Indeed, the safe-haven status seems to be back because the U.S. Senate passed legislation supporting Hong Kong protesters who have been involved in the violence that has affected markets negatively. Additionally, it adds a diplomatic blow to negotiations since China is trying to subdue the rise of separatist sentiment in Hong Kong.
The greenback improved the most against the Canadian Dollar and the Mexican Peso and the Nordic Norwegian Krone as well as Swedish Krona. The Fed Minutes at 2 PM later today will likely reveal a central bank with some division in the policy stance and concerned over the lack of growth in both inflation and wages. Since trade is the top topic at the moment, any statements regarding it are what will move the needle.
What to Watch Today…
- Fed Minutes 2 PM
Complete Economic Calendar can be found here.

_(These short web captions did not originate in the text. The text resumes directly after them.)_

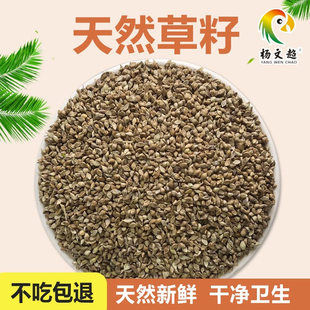 鸟食 水稗子 草籽 芙蓉鸟 鹦鹉 珍珠鸟 文鸟/500g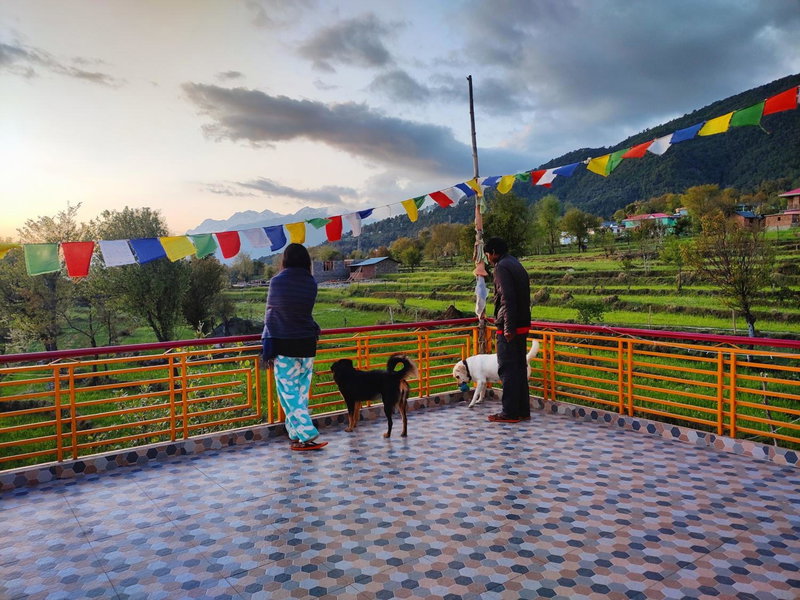 Bir Nest Hostel, Bīr, India
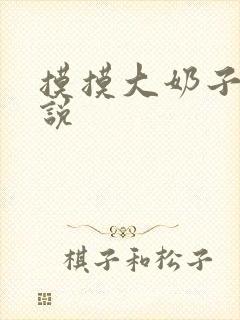 摸摸大奶子的小说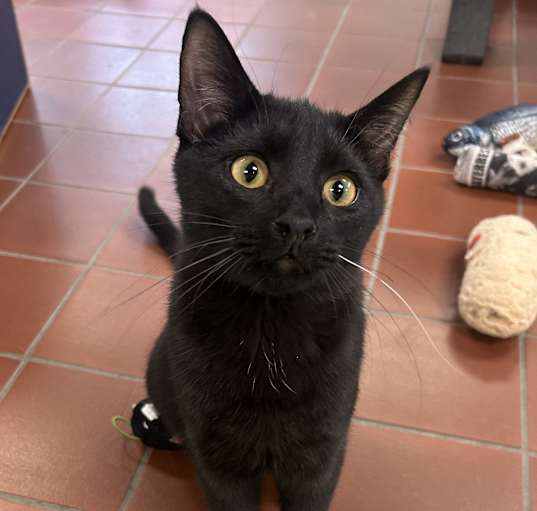 Photo of Bosco
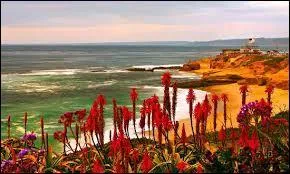 ÉTATS-UNIS : À San Diego, quel animal doit être tenu en laisse sur Market Street ?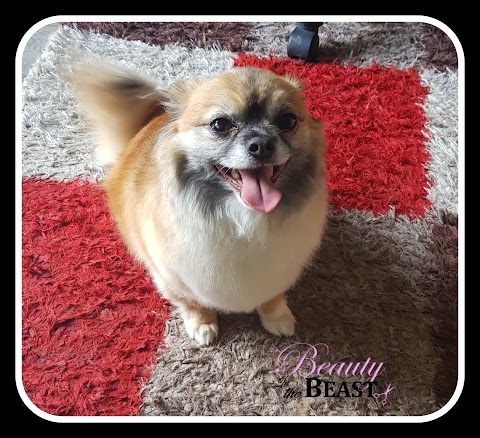 Beauty In The Beast dog grooming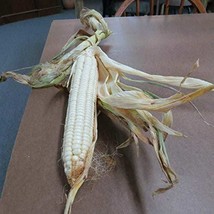 New Fresh Seeds 35 Peruvian Giant Corn Seeds - $9.98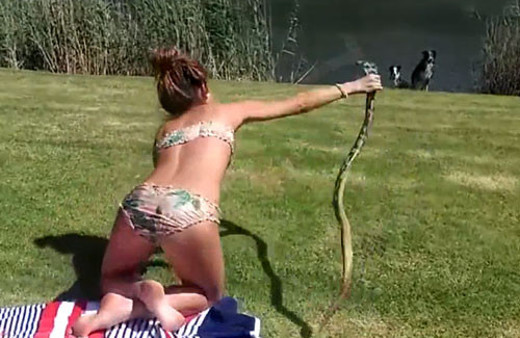 Bikinili kız kendisine saldıran kobrayı böyle yakaladı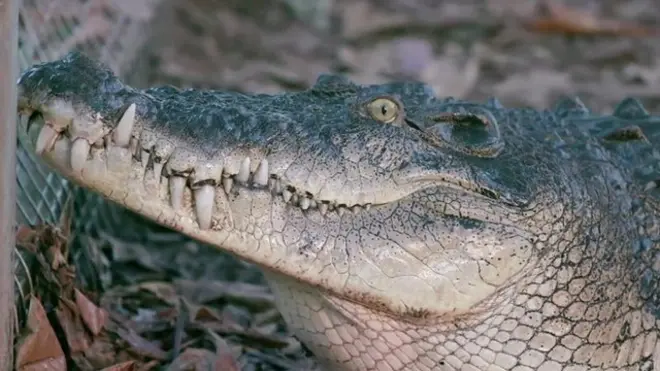Крокодил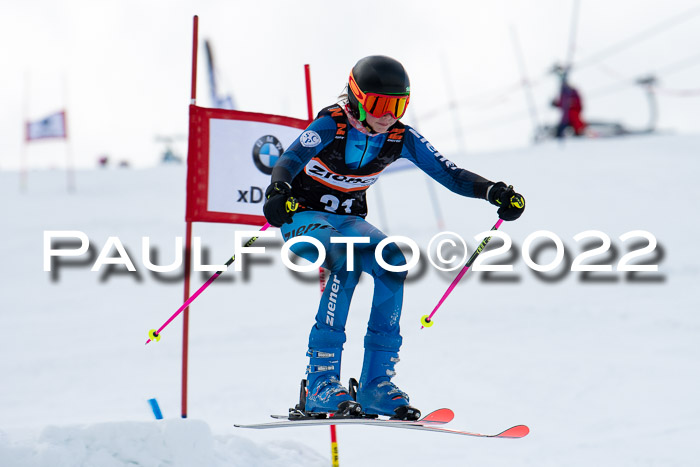 Ziener Kids Race Cross U12  Reg III + Ziener Cup WF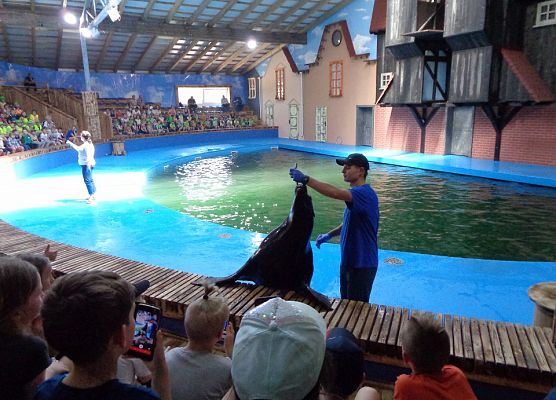 MALUSZKI NA WYCIECZCE SEA PARK W SARBSKU grafika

The Euro falling slightly has also dragged the rest of the continent’s tender since threats to global growth are failing to fully go away. German productivity is interconnected with Nordic output, thus the reason why the news of a potential escalation in the U.S.-China trade dispute can reduce value so quickly. Bonds offer already low yields and it looks like the buck remains the go-to item for now. It is difficult to predict what type of retaliation China will attempt, but the situation benefits the greenback only.
The British Pound took a bit of a tumble following a televised political debate between the main leaders of the main parties campaigning ahead of the December 12th election: Labour Party’s Jeremy Corbyn and incumbent Prime Minister and leader of the Tories Boris Johnson. After a YouGov poll post-debate, results showed a perception that the discussion overall ended in a draw.
As the country remains polarized, the economy continues to await a solution to three years of austerity from the private sector, which has already shifted operations and business overseas. We do not think Brexit will happen as intended and that a deal or resolution in the next three months will propel Sterling higher.